Today’s blog post is the third installment of my review of Joe Rogan’s interview with Telepathy Tapes host Ky Dickens. I’d intended for this to be the last blog post in the series but based on the feedback I received on the last two installments, I felt it was worth revisiting some of the issues I’ve discussed in previous blog posts.

Joe Rogan and Ky Dickens (from the Joe Rogan Experience, 2025)

When I reviewed the Telepathy Tapes podcast (links below), I mentioned that the podcast itself seemed like an advertisement for Spelling to Communicate (S2C) or Rapid Prompting Method (RPM), which are so-called “no-touch” forms of FC. Since then, one of our contacts (thank you!) sent me a link to a separate Ky Dickens interview in which she mentions she is (or was at the time of the interview) training to become an S2C facilitator. I find it curious that, in the first 10 episodes of the Telepathy Tapes podcast, Dickens fails to mention this fact. It’s not insignificant that her perspective as narrator of the podcast is that of a facilitator.

Regardless, this information—the fact that she’s a “trained” facilitator—explains, at least in part, why any sliver of skepticism Dickens had about FC (and perhaps about telepathy) at the beginning of the podcast seems to have been completely trained out of her by the time she finished Season 1. My experience with facilitators is the deeper they become entrenched in the FC belief system, the less likely they are to seek out information that threatens to challenge that belief (for example, the significant body of research that demonstrates facilitator authorship when facilitators are blinded from test stimuli—See controlled studies).
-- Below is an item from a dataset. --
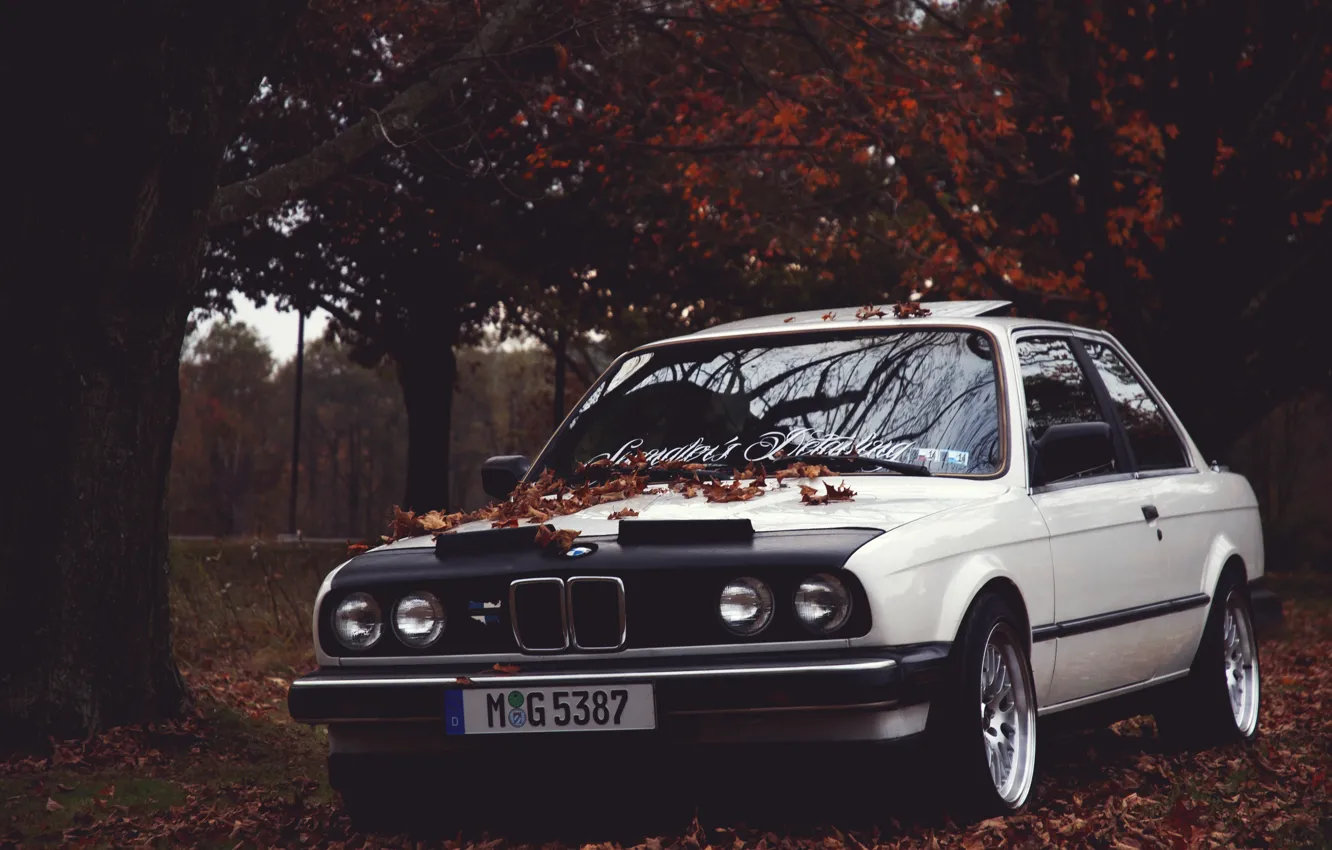 Photo wallpaper autumn, leaves, BMW, BMW, E30, Stance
Dickens declares her unwillingness to acknowledge the science behind FC (or in this case, the lack of it) every single time she uploads a new episode:

“For decades, very specific group of people have been claiming telepathy is happening in their homes and their classrooms and nobody has believed them, nobody has listened to them, but on this podcast, we do.”
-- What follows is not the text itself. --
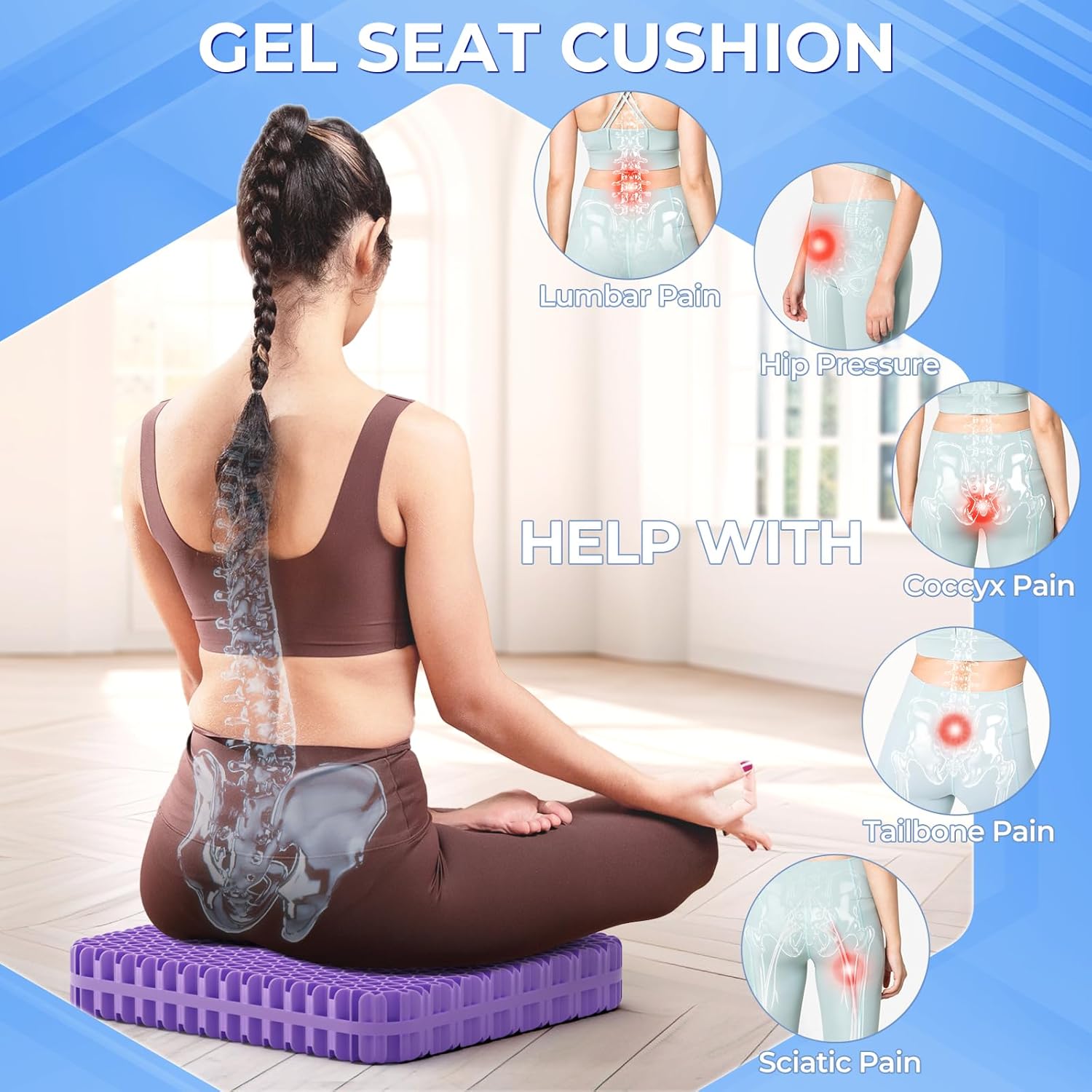 Detalle 2 de TushGuard Gel Seat Cushion for Long Sitting — 2.2" Thick, Breathable Gel Core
Here Dickens references telepathy (the main theme of her podcast) but the “very specific group of people” she refers to includes all the nonspeaking autistic individuals featured in Season 1 that are being subjected to some form of FC by their facilitators (sometimes parents, sometimes educators). Without the FC-generated messages attributed to the nonspeaking individuals that underly and bolster the facilitators’ claims of telepathic abilities, the whole premise of her show falls apart. None of the claims being made on behalf of non-speaking autistic individuals have been independently verified under reliably controlled conditions.

In my two prior blog posts on the Rogan-Dickens interview (links below), I highlighted some gaps in Dickens’ understanding of the history of FC. My comments received a bit of pushback on social media by proponents who, equally, do not seem to have a grasp on how FC has “evolved” over the past 30 years. Have they even read reports from their own sources? (Doubtful; the popularity of FC/S2C/RPM seems to spread largely through autism support groups and conferences initiated by people already using the techniques, where the urban-legend style word-of-mouth historical accounting of FC shifts and changes with the retelling).
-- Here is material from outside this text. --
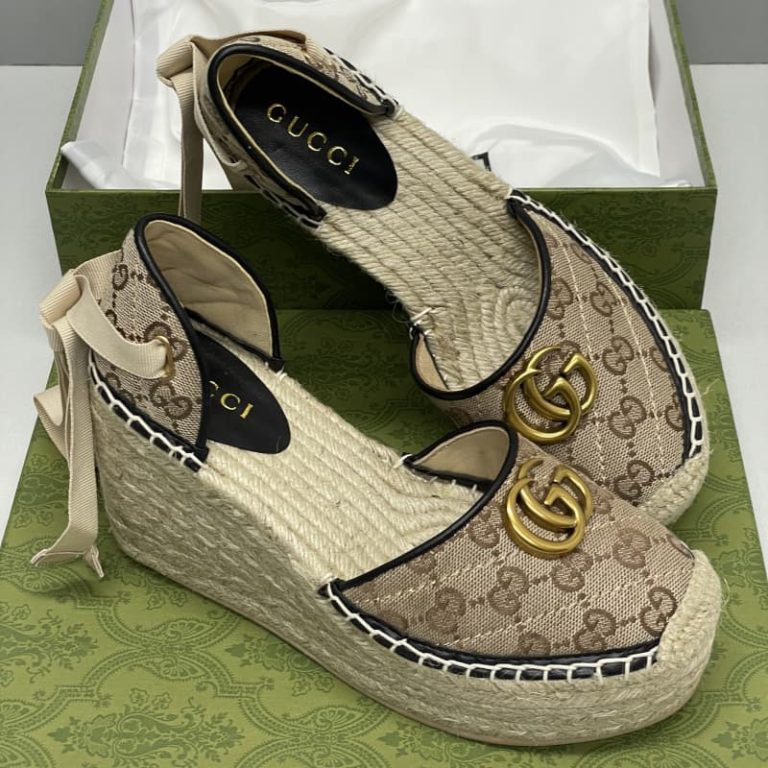 GUCCI Top Quality women linen heeled sandal wedge-3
Cover to Portia Iversen’s book “Strange Son” that recounts the early days of Soma Mukhopadhyay’s attempt to popularize her version of FC that she dubbed “Rapid Prompting Method” (RPM)


I suggest as a starting point that people read Portia Iversen’s book Strange Son (reviewed here and here) and/or Tracy Kedor’s book Ido in Autismland (reviewed here) to learn how facilitators originally using touch-based forms of FC were aware of and, perhaps, worried about critics’ concerns about touch-based cueing and, instead of responsibly addressing the problem, adapted their technique(s) to reduce the amount of physical touch they (the facilitators) were using during letter selection. I’m not saying these facilitators were being intentionally deceptive, but I do think they were, perhaps, unaware of (or uninterested/disinterested in) the extent to which visual and auditory cues can and do influence letter selection (just as many facilitators are unaware of how little physical touch it takes to influence letter selection—See What we can learn about FC, the pseudo-ESP phenomenon, and facilitator cueing from Kezuka’s “The Role of Touch in Facilitated Communication”).


Apparatus used in a 1997 study to test for facilitator cueing through subtle changes of pressure as the facilitator/client “searched” for letters on a keyboard. (Kezuka, 1997)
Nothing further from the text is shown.